レバーペーストは好みが分かれるところで、好きな方にはたまらない美味しさなのですが、私は美味しいと思える場合もある、というのが正直なところです。
日本製のものは、たぶん日本人向けに作っているのでしょう。うまみのような味が加わっており、それが私には雑味として感じてしまい、どうにも好きになれません。
ですので、最近では全く買わなくなっていたのですが、こちらのレバーペーストは、本当に雑味がない、素朴な味わいでした。昔、メーカー名を見ずに偶然買ってとても美味しいと感動した一品に限りなく近い味でした。
また食べたいと思えるレバーペーストを発見出来て、本当によかったです。
レバーペーストは何と言っても、その手軽さが魅力です。ジャム感覚でパンに『塗るハム』とでもいいましょうか。
瓶に詰めておくだけで、煮たり焼いたり切り分けたりという手間が一切かかりません。食卓に並べるだけです。なのに本格ハムの味。ブルスケッタと交互に食べるのがまた美味しいです。
最後に、瓶詰のブルスケッタのご紹介です。
お店に置いてあったのは、『CLAS GRILLED VEJITABLE BRUSCHETTA』です。
CLASのブルスケッタはアマゾン等でも購入できます。3種類あり、グリルドベジタブルブルスケッタのほかにはトマトブルスケッタ、グリーンオリーブブルスケッタがあります。
お店で購入したグリルドベジタブルの蓋がブルーなので、後日そのつもりでネット注文したら、ブルーの蓋のトマトブルスケッタが届きました。ネットでご購入の際はご注意下さい。
ですが、どちらも美味しいのでお勧めです。
ブルスケッタはイタリアの軽食の一つで、軽く焼いたバゲットにお野菜やチーズなどを乗せた『おつまみ』のような料理です。ですので、わざわざ缶詰を買わなくても、ご家庭にある材料ですぐ作れます。例えば我が家では、トマトの角切りとすりおろしたニンニク、気分でピザ用チーズをのせてオリーブオイルをかけ、トースターで焼いたりと、手軽な材料で作っています。(熱源にオイルやチーズがかからないようにアルミ箔に乗せる等、気を付けて下さい)
溶けるチーズを乗せない時はパンを焼いてから材料を乗せています。
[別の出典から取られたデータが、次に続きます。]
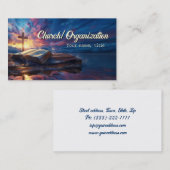 Bijbelchristendom-religieus Visitekaartje (Voorkant / Achterkant)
溶けるチーズ以外にも、クリームチーズやカッテージチーズ(カロリーが低いチーズです)、サワークリームなどでも。
要するになんでもいいのですが、たぶんご家庭で意識せずに作っている類のモノなので、需要が低いのか、瓶詰はあまりスーパーなどでは見かけません。
お店で最初にこちらの瓶が目に入った時はスルーしようとしたのですが、ふと手書きのポップを読んで、気が変わりました。
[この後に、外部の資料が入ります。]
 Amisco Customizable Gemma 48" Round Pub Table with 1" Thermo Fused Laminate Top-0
『ひき肉と一緒に炒めてハンバーガーにしても美味しいです』・・・ぜひやってみましょう。
ひき肉と炒めただけでは、バンズの間からぽろっと落ちて食べにくいかもしれないと思い、ハンバーグの形状にして挟んでみました。
・・・ありです!瓶詰一つで他の味付けはいりません。お肉に味が付いた状態ですので、あとは野菜を乗せて終了です。まさにファーストフードですね。
ハンバーグの種はオーソドックスな造り方をしています。
★★★★★★★★レシピ★★★★★★★★★
牛豚あいびき肉・・・・250g
玉ねぎのみじん切り・・1/2個分(100g)
バター・・・・・・・・10g
パン粉・・・・・・・・1/2カップ(200ccのカップで100ccのライン位まで)
ブルスケッタ一瓶・・・トマトかグリルドベジタブル。
①みじん切りにした玉ねぎとバターを耐熱容器にいれ、蓋はせずレンジで2分半~3分。
よくさましておきます。
②ボールなどにブルスケッタとパン粉を入れて軽く混ぜ、パン粉をふやかしておきます。暫くして出て来た余分な油はキッチンペーパーなどで吸い取らせます。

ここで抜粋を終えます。